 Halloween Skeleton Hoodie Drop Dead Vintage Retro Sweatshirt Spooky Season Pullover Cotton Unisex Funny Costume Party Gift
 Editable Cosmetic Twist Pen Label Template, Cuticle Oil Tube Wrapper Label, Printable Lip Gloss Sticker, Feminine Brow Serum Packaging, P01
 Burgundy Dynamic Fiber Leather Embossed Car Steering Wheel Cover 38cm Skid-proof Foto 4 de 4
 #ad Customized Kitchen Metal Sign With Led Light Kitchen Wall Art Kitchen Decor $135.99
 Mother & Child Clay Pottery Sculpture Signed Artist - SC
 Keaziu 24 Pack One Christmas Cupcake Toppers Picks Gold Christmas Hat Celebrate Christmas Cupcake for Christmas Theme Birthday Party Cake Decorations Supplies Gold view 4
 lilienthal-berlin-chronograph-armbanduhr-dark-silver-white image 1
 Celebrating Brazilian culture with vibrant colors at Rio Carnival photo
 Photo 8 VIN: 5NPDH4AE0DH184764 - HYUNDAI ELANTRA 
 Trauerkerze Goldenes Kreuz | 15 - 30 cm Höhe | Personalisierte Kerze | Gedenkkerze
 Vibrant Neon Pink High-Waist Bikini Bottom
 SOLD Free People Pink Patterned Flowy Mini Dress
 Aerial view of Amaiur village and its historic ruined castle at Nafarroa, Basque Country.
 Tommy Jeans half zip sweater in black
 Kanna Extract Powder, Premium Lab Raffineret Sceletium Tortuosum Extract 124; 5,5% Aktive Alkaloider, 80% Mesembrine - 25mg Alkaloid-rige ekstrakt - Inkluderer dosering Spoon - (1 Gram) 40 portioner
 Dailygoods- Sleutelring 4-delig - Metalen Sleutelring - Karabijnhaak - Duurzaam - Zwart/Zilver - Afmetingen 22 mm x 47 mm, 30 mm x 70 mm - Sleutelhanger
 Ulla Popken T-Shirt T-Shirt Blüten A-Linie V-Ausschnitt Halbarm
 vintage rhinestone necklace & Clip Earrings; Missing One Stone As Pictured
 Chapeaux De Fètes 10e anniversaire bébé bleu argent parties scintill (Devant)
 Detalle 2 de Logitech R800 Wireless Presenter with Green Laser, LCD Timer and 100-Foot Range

■ **Instructions to follow**
Restate the material word for word, but only from its first line through the line containing "SOLD Free People".

■ **Answer below**
 Halloween Skeleton Hoodie Drop Dead Vintage Retro Sweatshirt Spooky Season Pullover Cotton Unisex Funny Costume Party Gift
 Editable Cosmetic Twist Pen Label Template, Cuticle Oil Tube Wrapper Label, Printable Lip Gloss Sticker, Feminine Brow Serum Packaging, P01
 Burgundy Dynamic Fiber Leather Embossed Car Steering Wheel Cover 38cm Skid-proof Foto 4 de 4
 #ad Customized Kitchen Metal Sign With Led Light Kitchen Wall Art Kitchen Decor $135.99
 Mother & Child Clay Pottery Sculpture Signed Artist - SC
 Keaziu 24 Pack One Christmas Cupcake Toppers Picks Gold Christmas Hat Celebrate Christmas Cupcake for Christmas Theme Birthday Party Cake Decorations Supplies Gold view 4
 lilienthal-berlin-chronograph-armbanduhr-dark-silver-white image 1
 Celebrating Brazilian culture with vibrant colors at Rio Carnival photo
 Photo 8 VIN: 5NPDH4AE0DH184764 - HYUNDAI ELANTRA 
 Trauerkerze Goldenes Kreuz | 15 - 30 cm Höhe | Personalisierte Kerze | Gedenkkerze
 Vibrant Neon Pink High-Waist Bikini Bottom
 SOLD Free People Pink Patterned Flowy Mini Dress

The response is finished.